= DATA SECTION =
+---+

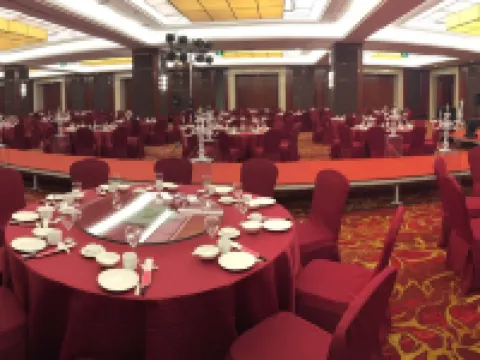 Ramada Plaza by Wyndham Chibi Hotels in Chibi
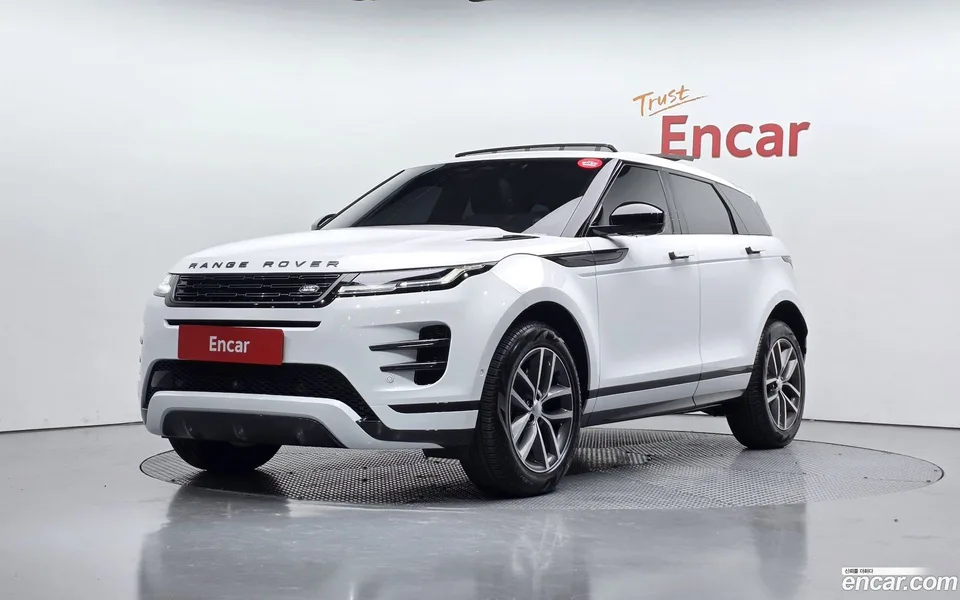 Land Rover Range Rover Evoque P250 SE 2025 — фото 1, купить с доставкой в Москву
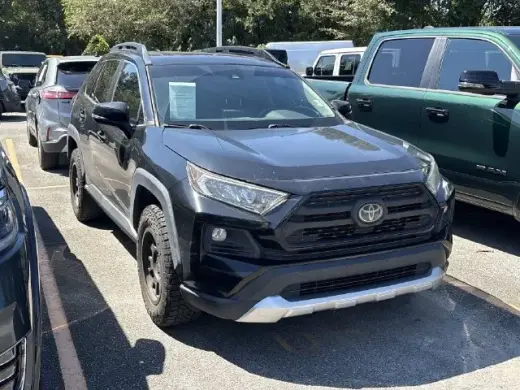Toyota RAV4 2019 con tracción en las cuatro direcciones Adventure 4dr SUV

+---+

= EXERCISE BRIEF =
Would you copy each line above exactly as given, dropping any images?

= EXERCISE ANSWER =
 Ramada Plaza by Wyndham Chibi Hotels in Chibi
 Land Rover Range Rover Evoque P250 SE 2025 — фото 1, купить с доставкой в Москву
Toyota RAV4 2019 con tracción en las cuatro direcciones Adventure 4dr SUV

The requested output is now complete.